The most common method of applying plant growth regulators (PGRs) is using foliar sprays. There are several reasons why sprays are the most popular application method. First, sprays are already familiar to many of us since a majority of insecticides and herbicides are applied as foliar sprays. In addition to being a familiar application method, foliar sprays are also popular because all the PGRs on the market are absorbed by shoots (leaves and/or stems). Finally, for post-transplant growth control during finishing, foliar sprays can be more time-efficient when compared to drenches. To make sure you get the most out of your PGR sprays, this article will review some important best management practices to remember.
Mixing it up
Like every other type of PGR application, proper measuring prior to mixing will help avoid problems, such as insufficient or excessive growth control from mixing errors.
Start with the highest quality water available, one with low alkalinity and a lower pH. The alkalinity in water can reduce the effectiveness of PGRs, as can a high pH for some. Starting out with high-quality water is the first step in maximizing effectiveness. Beyond mixing the right amount of active ingredient at the right time, consider enhancing your formulation. If permissible, as indicated on the PGR label, add a non-ionic surfactant or “spreader-sticker” to improve the efficacy of your foliar sprays. The strong surface tension of water causes drops or beads to form on foliage. By adding a surfactant, the surface tension of the water is broken and instead of drops, a more even film will form on the leaf, increasing contact between the leaf and the PGR solution, thus promoting increased uptake.
Also, be mindful of the time that will lapse between mixing PGRs and applying them. Some PGRs (such as ethephon) can lose activity if they sit in a tank too long,
One of the most important aspects of foliar spray applications is the volume of solution applied to plants. A common recommendation for PGRs has been to “spray to runoff", where solution is sprayed until it is running off leaves. The main problem with this approach is that it is very subjective. “Runoff” will look different to different people. A great illustration of this is an activity I have done before with people. I ask a group of different people to go apply foliar sprays to the point of runoff on crops. The amount of water or “solution” that is sprayed is calculated afterwards and, along with square footage of the area sprayed, we have calculated the volume of solution applied by each individual on a square foot basis. Results have ranged widely, from less than 1 quart per 100 ft2 to over 4 quarts per 100 ft2.

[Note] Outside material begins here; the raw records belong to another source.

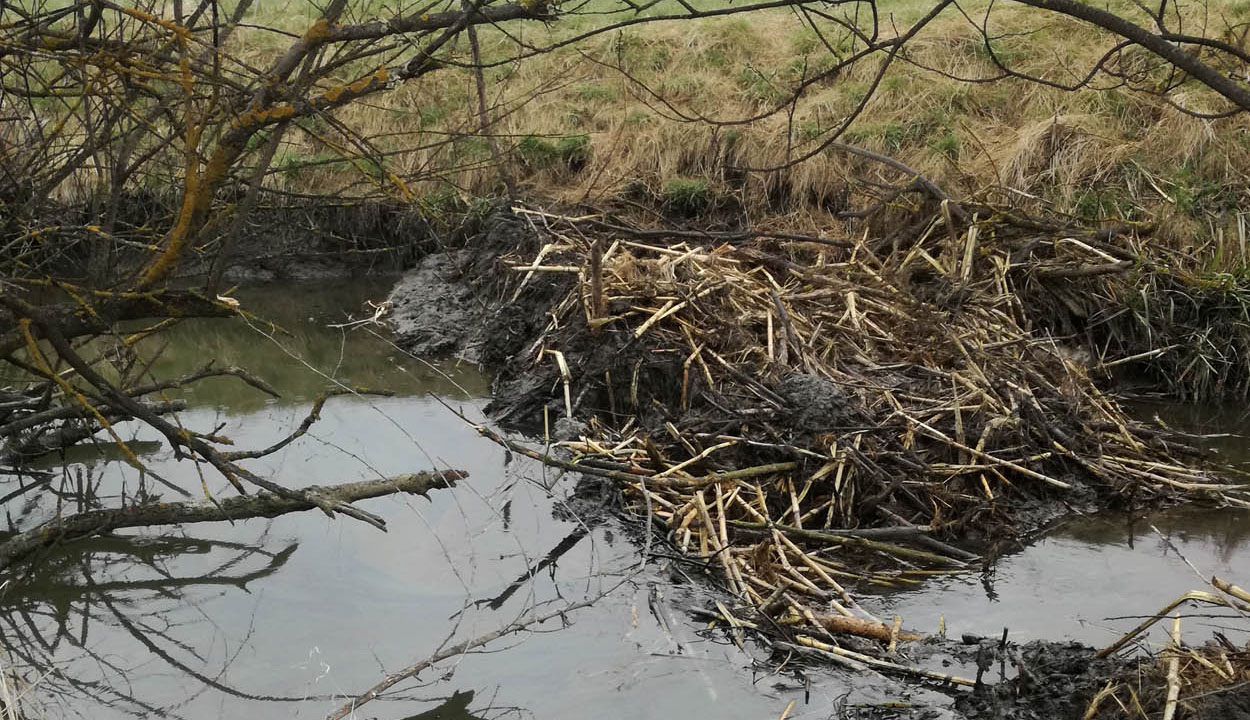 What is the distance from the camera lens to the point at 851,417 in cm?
563

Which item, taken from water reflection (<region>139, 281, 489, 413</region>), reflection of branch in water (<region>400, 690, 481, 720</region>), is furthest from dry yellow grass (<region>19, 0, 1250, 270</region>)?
reflection of branch in water (<region>400, 690, 481, 720</region>)

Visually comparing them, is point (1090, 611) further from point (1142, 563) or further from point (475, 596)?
point (475, 596)

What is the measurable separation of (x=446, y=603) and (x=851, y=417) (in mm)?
2224

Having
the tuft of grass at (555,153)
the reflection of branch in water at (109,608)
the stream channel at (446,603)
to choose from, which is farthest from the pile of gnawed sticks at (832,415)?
the tuft of grass at (555,153)

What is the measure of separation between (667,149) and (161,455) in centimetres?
522

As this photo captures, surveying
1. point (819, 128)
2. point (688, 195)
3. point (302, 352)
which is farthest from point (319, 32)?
point (819, 128)

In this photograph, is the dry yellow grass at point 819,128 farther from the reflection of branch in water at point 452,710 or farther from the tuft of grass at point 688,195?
the reflection of branch in water at point 452,710

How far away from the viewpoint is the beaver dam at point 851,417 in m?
4.45

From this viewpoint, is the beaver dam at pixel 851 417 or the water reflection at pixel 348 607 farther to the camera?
the beaver dam at pixel 851 417

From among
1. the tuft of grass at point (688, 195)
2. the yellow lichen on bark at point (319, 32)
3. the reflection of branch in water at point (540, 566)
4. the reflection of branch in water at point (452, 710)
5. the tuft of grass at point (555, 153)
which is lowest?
the reflection of branch in water at point (452, 710)

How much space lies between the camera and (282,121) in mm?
3387

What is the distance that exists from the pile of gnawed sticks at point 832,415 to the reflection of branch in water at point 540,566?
330 mm

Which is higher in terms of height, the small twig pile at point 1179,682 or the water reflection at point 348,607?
the small twig pile at point 1179,682

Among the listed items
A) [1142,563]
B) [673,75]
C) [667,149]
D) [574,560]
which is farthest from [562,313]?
[673,75] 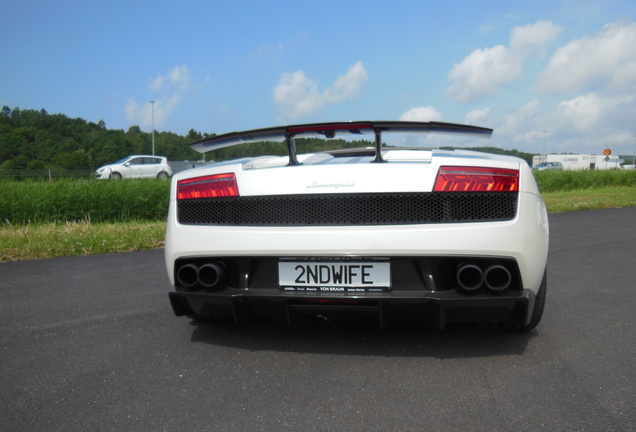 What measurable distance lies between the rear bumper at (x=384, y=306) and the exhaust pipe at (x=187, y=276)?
0.07 m

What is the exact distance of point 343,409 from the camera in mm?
2141

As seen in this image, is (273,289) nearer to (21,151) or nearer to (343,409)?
(343,409)

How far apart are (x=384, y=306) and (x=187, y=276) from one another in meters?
1.05

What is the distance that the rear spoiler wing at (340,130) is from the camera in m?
Answer: 2.68

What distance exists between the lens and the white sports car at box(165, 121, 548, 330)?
2.52 m

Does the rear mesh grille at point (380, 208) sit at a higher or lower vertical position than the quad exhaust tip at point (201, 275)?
higher

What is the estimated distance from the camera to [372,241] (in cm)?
253

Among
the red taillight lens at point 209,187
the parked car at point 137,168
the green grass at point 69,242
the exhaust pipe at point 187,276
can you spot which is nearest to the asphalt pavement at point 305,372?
the exhaust pipe at point 187,276

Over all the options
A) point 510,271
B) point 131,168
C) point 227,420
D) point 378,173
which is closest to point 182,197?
point 378,173

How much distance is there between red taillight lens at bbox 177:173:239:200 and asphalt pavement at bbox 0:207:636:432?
850 mm

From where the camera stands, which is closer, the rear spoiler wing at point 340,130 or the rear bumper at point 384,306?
the rear bumper at point 384,306

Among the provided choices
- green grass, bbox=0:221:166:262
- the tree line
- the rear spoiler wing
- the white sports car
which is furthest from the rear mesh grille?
the tree line

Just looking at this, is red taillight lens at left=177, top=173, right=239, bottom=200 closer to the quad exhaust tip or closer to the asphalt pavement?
the quad exhaust tip

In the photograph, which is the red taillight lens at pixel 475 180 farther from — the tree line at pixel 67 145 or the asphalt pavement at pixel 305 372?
the tree line at pixel 67 145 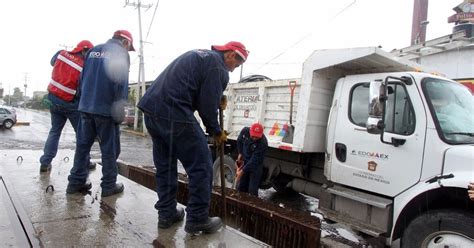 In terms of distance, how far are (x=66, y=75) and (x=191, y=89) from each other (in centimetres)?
237

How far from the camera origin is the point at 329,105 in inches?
217

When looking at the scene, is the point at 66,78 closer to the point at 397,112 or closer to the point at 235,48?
the point at 235,48

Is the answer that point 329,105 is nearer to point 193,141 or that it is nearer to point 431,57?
point 193,141

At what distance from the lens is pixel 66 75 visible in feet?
14.8

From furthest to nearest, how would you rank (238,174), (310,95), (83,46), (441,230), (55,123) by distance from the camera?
(238,174) → (310,95) → (55,123) → (83,46) → (441,230)

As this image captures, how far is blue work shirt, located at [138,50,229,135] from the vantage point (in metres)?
2.78


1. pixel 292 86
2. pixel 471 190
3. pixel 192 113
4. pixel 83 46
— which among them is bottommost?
pixel 471 190

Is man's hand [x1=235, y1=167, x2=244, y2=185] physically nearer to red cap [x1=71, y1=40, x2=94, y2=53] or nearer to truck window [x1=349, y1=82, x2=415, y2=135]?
truck window [x1=349, y1=82, x2=415, y2=135]

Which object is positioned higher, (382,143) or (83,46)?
(83,46)

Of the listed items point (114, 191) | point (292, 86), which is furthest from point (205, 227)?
point (292, 86)

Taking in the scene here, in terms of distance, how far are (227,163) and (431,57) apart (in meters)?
8.12

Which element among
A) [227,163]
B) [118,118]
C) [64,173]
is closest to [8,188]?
[64,173]

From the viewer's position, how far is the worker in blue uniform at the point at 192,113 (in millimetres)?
2801

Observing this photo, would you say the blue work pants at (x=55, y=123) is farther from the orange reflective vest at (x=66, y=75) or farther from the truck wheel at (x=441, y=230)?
the truck wheel at (x=441, y=230) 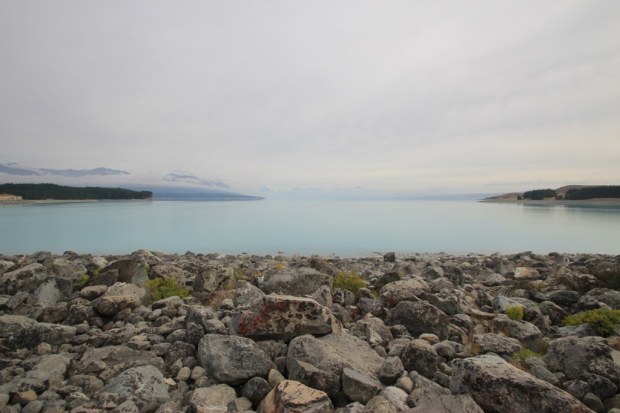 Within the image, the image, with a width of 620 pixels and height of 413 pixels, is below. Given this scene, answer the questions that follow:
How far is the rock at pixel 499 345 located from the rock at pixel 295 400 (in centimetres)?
330

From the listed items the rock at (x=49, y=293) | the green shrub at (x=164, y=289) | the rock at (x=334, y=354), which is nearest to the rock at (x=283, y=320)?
the rock at (x=334, y=354)

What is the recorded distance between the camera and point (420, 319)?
667 centimetres

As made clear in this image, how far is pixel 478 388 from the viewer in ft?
13.6

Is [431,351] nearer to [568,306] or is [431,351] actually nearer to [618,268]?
[568,306]

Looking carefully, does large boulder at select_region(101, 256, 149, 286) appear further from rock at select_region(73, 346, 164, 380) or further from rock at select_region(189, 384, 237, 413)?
rock at select_region(189, 384, 237, 413)

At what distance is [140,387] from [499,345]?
578cm

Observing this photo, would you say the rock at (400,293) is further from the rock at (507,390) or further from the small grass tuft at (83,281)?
the small grass tuft at (83,281)

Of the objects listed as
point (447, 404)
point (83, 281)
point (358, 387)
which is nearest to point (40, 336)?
point (83, 281)

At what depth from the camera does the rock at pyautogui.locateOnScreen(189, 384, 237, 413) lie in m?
4.09

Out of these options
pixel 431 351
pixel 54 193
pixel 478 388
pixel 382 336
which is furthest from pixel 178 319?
pixel 54 193

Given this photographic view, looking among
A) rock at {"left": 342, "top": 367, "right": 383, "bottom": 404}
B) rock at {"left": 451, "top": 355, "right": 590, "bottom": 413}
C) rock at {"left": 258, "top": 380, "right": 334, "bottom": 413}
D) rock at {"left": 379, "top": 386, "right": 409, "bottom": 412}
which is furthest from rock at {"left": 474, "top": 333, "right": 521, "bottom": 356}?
rock at {"left": 258, "top": 380, "right": 334, "bottom": 413}

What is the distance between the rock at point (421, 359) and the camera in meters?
4.95

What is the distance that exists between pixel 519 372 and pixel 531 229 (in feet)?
171

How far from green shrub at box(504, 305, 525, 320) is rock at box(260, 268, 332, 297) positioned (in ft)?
14.3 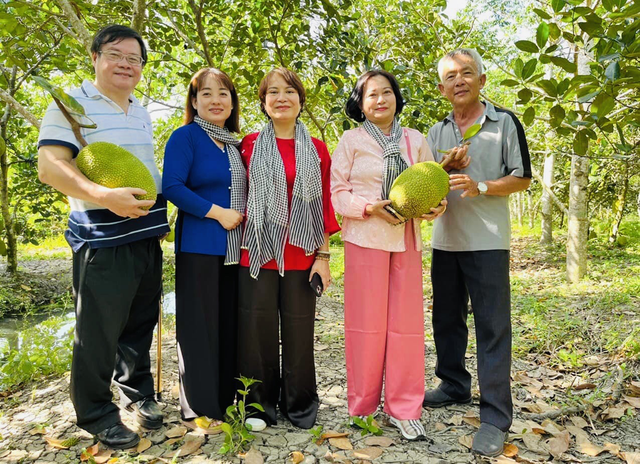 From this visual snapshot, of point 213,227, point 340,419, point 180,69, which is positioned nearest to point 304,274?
point 213,227

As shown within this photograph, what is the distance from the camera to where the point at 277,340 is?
7.65 ft

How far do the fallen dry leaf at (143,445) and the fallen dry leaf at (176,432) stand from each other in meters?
0.09

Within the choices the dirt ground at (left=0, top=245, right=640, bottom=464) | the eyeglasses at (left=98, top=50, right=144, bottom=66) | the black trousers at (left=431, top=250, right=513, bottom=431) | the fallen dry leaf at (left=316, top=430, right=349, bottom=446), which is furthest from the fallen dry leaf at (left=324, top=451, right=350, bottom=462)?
the eyeglasses at (left=98, top=50, right=144, bottom=66)

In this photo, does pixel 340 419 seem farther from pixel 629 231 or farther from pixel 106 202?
pixel 629 231

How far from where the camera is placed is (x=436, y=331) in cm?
258

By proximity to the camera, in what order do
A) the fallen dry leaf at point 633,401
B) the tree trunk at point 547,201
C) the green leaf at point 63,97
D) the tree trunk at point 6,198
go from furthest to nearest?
the tree trunk at point 547,201
the tree trunk at point 6,198
the fallen dry leaf at point 633,401
the green leaf at point 63,97

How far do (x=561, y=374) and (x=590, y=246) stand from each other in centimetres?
645

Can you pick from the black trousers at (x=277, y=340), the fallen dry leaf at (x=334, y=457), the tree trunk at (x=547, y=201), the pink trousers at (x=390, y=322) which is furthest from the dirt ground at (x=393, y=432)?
the tree trunk at (x=547, y=201)

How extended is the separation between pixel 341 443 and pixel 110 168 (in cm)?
160

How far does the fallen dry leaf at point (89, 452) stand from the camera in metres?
2.01

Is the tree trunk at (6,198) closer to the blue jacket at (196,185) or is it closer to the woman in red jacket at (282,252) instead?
the blue jacket at (196,185)

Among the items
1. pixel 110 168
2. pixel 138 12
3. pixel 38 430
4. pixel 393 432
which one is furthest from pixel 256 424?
pixel 138 12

Compared to the recommended application volume of 2 quarts per 100 ft2, it is easy to see how using a subjective indicator such as “runoff” can result in applying less than half to over twice the recommended volume of PGR solution.
Keeping it even
One of the biggest challenges when using foliar sprays is to keep the coverage uniform within crops. While we would all hope the proper volume of PGR solution (i.e. 2 quarts per 100 ft2) is being distributed across all plants evenly by the applicator, the uniformity of spray applications can’t be ignored.
Applicators should practice spraying with water prior to applying PGR sprays. This will allow applicators to “calibrate” the speed or cadence of their steps with their arm movement and volume of spray to achieve uniform coverage of their crops.
Yet, it is not just people who miss plants — equipment used to apply PGR sprays can miss, too (Fig. 1). Same as with human applicators, check the coverage with equipment like booms before and after spraying, being sure to follow-up and spot treat if needed.
Foliar sprays are an effective application method for every active ingredient found in PGR formulations. Take a few extra steps to ensure accurate application of PGRs in the greenhouse.
Another important factor in maximizing product effectiveness is the environment that the PGRs are applied in.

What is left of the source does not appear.